While Guterres will doubtless attempt to wind up the conference with a communiqué saying that a “consensus” was reached on the need to reduce emissions, any such consensus is unlikely to have the post-conference political support its predecessors felt they had. Also, it will be less difficult politically to justify changes in policies which involve less aggressive action to reduce emissions and provide a longer time frame for continued use of fossil fuels, as Australia’s Ambassador for the Environment implies .

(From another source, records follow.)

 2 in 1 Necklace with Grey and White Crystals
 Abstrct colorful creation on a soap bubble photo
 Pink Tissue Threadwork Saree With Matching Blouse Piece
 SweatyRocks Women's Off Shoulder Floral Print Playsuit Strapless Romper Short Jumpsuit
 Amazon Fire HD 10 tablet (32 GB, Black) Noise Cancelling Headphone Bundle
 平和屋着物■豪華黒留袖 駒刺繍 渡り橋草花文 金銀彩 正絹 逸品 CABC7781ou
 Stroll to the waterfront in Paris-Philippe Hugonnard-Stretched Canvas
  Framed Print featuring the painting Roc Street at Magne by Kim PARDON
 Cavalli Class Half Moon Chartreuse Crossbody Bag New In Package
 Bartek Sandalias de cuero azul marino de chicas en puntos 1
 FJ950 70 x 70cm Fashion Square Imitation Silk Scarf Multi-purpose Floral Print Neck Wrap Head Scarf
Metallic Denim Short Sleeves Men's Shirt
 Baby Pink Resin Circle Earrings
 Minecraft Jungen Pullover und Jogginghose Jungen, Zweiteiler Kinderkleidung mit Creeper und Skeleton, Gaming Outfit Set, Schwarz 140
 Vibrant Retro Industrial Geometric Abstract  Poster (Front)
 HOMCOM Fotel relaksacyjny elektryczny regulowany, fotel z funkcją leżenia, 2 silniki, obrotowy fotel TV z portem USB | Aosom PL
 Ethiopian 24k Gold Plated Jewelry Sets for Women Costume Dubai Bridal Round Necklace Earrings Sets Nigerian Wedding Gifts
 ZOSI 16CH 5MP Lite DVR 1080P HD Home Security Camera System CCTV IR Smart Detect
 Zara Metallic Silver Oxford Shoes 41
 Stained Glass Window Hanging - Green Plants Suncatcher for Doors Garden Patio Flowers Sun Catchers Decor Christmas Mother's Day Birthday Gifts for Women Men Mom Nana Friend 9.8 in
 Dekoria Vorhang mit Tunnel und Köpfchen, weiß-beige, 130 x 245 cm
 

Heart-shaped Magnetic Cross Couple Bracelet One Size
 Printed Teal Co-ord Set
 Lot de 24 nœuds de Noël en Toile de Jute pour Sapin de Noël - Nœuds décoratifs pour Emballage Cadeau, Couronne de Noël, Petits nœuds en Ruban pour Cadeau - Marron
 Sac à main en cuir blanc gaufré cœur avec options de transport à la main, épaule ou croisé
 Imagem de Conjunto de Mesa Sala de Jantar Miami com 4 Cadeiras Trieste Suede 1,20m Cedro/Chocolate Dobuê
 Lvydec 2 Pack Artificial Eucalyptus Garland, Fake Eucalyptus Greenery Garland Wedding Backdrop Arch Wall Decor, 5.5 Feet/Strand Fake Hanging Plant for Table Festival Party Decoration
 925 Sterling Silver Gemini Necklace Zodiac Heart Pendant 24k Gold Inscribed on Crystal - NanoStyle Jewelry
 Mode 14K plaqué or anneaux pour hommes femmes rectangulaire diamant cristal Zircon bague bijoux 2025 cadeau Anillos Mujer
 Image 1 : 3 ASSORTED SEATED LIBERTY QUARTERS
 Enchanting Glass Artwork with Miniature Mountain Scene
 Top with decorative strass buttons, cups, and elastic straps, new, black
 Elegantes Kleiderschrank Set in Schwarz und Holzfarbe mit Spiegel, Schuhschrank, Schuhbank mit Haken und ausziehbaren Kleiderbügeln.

Such possible changes in Australian policy are supported by The Australian’s decision to publish an article on sea levels by US climate scientist Judith Sloan. She assesses estimates of “the maximum possible global sea level rise by the end of the 21st century range from 1.6m to 3m, and even higher, ” as “extreme values of sea level rise … regarded as extremely unlikely or even impossible. Nevertheless, they are driving policies and local adaptation plans”. She also argues that
“climate model predictions consider only human-caused warming and neglect changes in natural climate processes, such as variations in the sun’s output, volcanic eruptions and long-term changes to ocean circulations. These natural processes are expected to have a cooling effect in the 21st century” (see Judith Curry: Alarmist Sea Level Predictions Not Likely to Occur).
Curry’s analyses are of particular importance because she has changed sides. As pointed out in my letter published by The Australian, “after careful research, she became a sceptic and her analysis has been recognised as suitable for publication after peer review” (see CChange Letters 13/12). Other letters published also support Curry and her implicit support for an energy policy which is not based on predictions “regarded as extremely unlikely or even impossible”.
The conclusion in my letter is that “If the Morrison government were to recognise this it could justify lowering Australia’s target for reducing emissions and adopt a policy based on reducing electricity prices”. That would be a potential winner for next year’s election.